═══ Source data
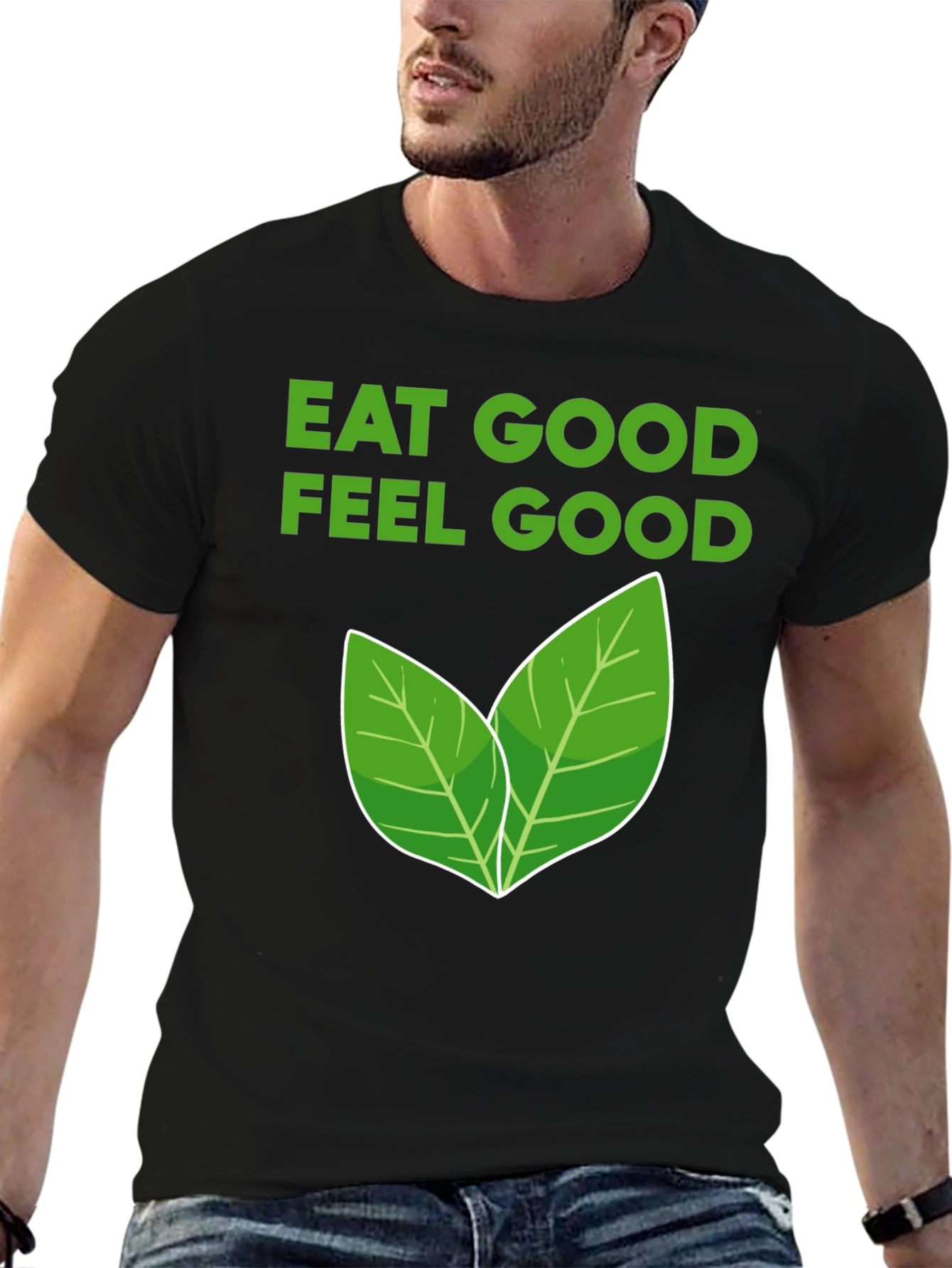 Black Eat Good Feel Good Vegan Graphic Tee view 6
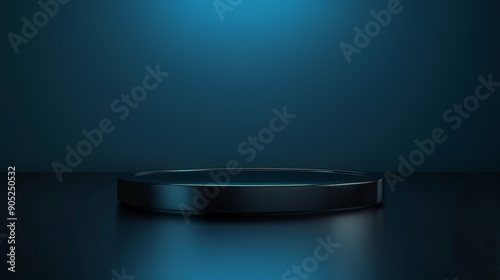 A sleek black podium illuminated by a soft blue light  perfect for product display or presentations in a modern setting.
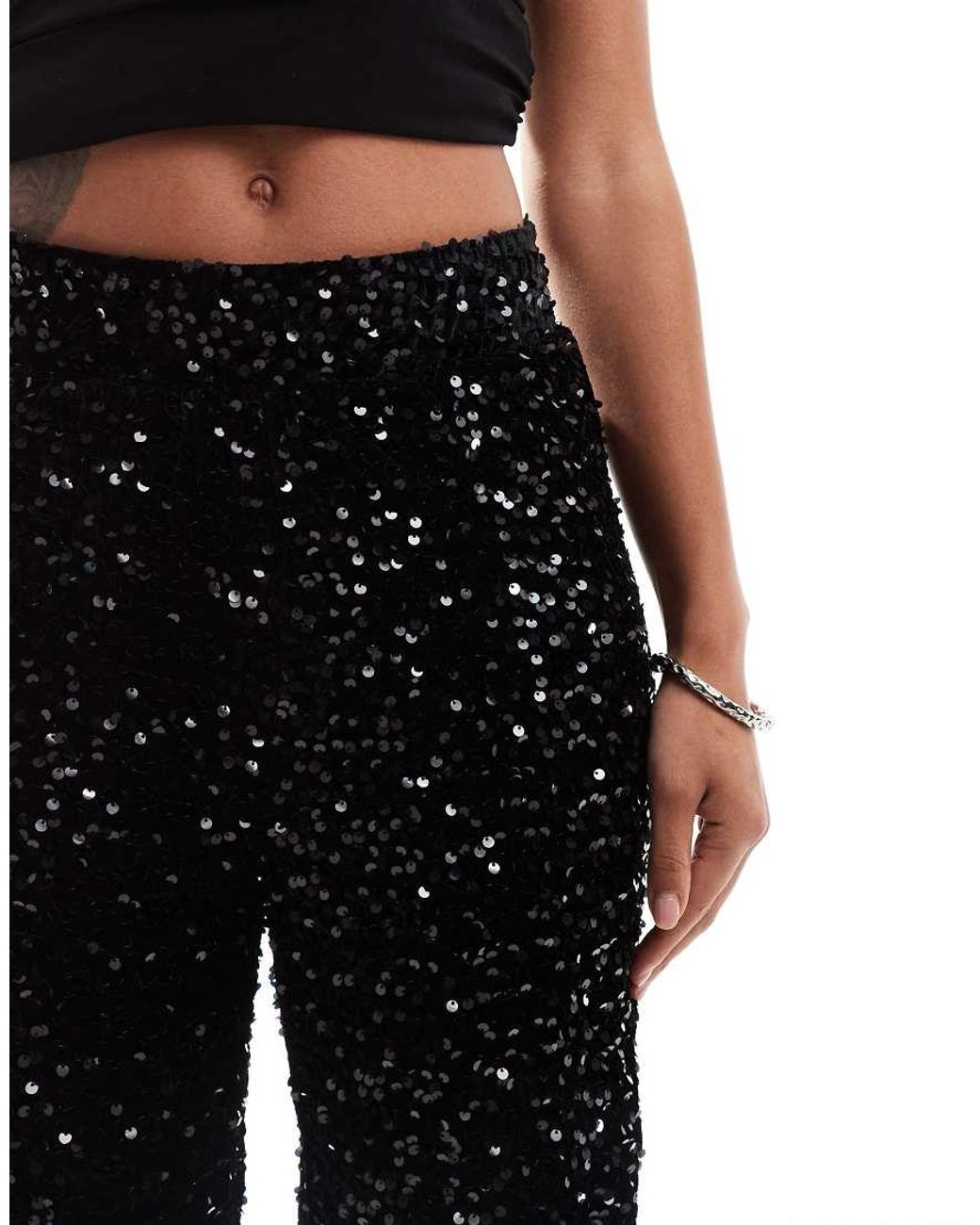 Pieces Wide Leg Velour Sequin Trousers in Black Lyst UK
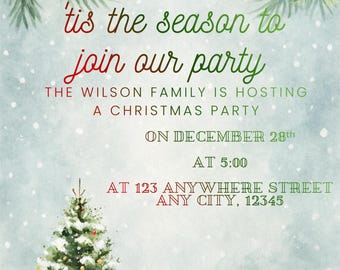 Custom Watercolor Christmas Party Invitation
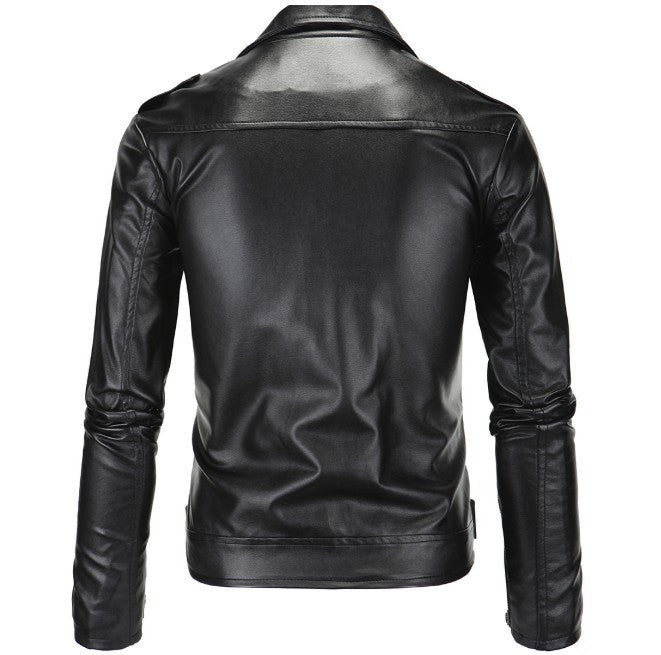 Mens Faux Leather Biker Zipper Jacket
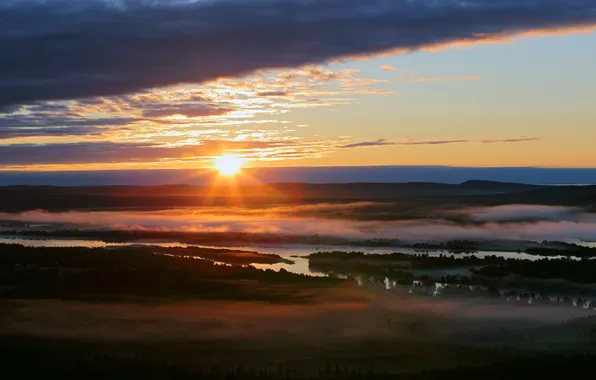 Picture the sky, river, morning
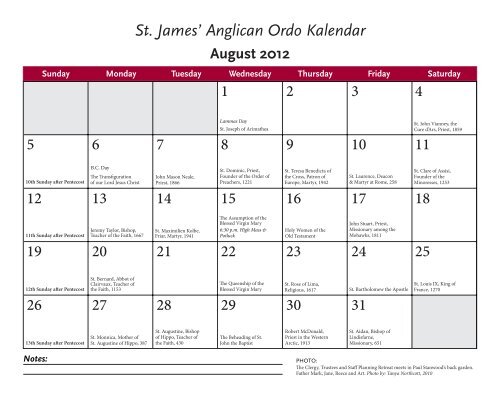 Ordo Kalendar for 2012 - St. James' Anglican Church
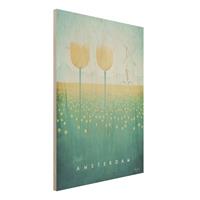 Bilderwelten Holzbild Blumen - Hochformat 3:4 Reiseposter - Amsterdam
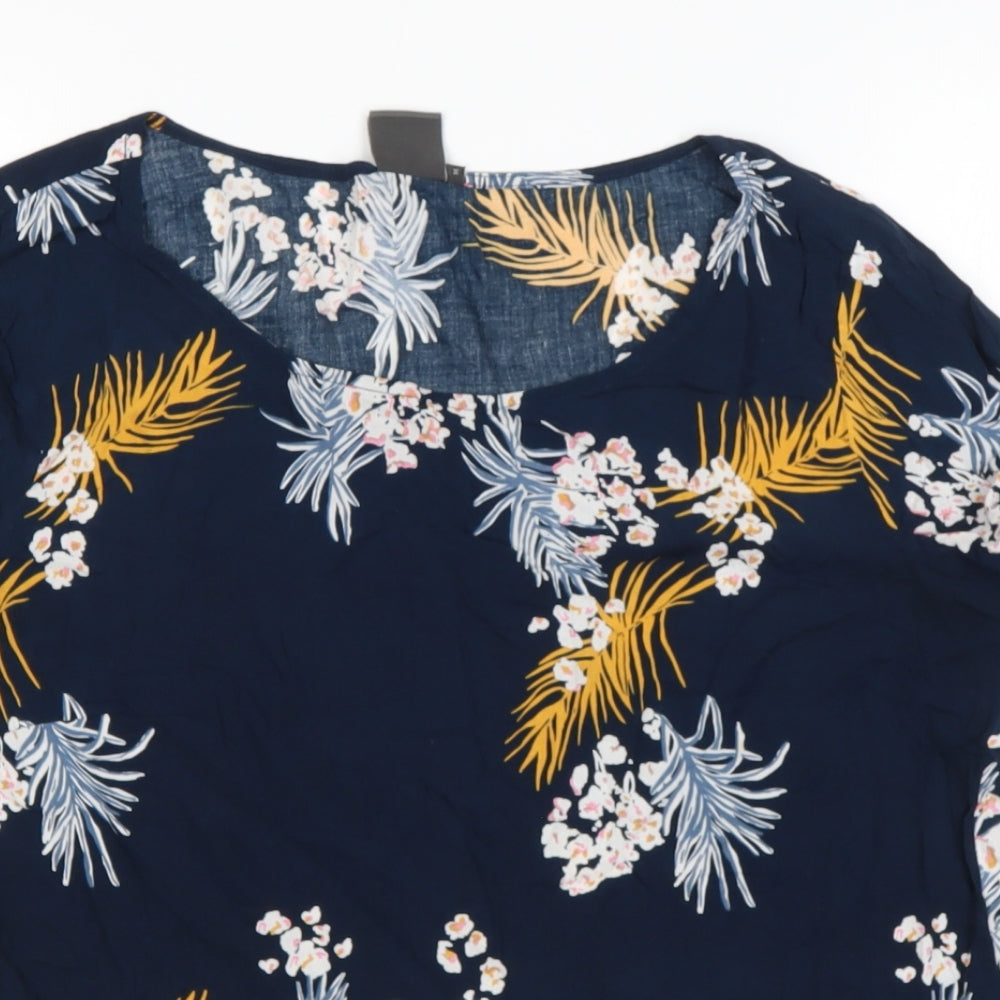 ICHI Womens Blue Floral Polyester Basic Blouse Size 12 Scoop Neck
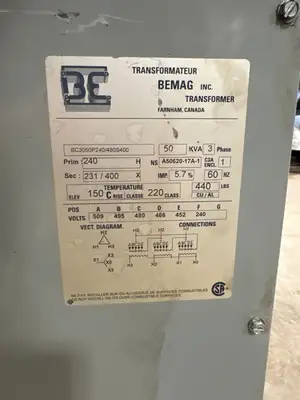 50 KVA 240V to 231/400V  Isolation Transformer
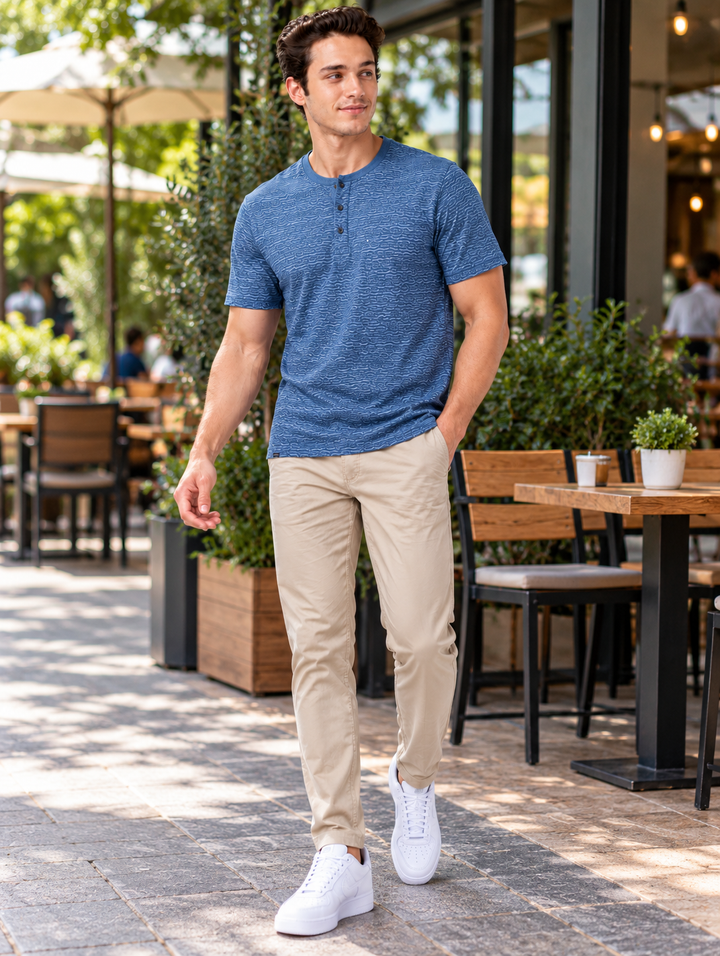 Men’s Printed Henley Neck T-Shirt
══════
### What the exercise asks
Without any pictures, please write out the lines from the one containing "Mens Faux Leather Biker Zipper Jacket" through the final line of the data, exactly and inclusive of both ends.

### Task answer
 Mens Faux Leather Biker Zipper Jacket
 Picture the sky, river, morning
 Ordo Kalendar for 2012 - St. James' Anglican Church
 Bilderwelten Holzbild Blumen - Hochformat 3:4 Reiseposter - Amsterdam
 ICHI Womens Blue Floral Polyester Basic Blouse Size 12 Scoop Neck
 50 KVA 240V to 231/400V  Isolation Transformer
 Men’s Printed Henley Neck T-Shirt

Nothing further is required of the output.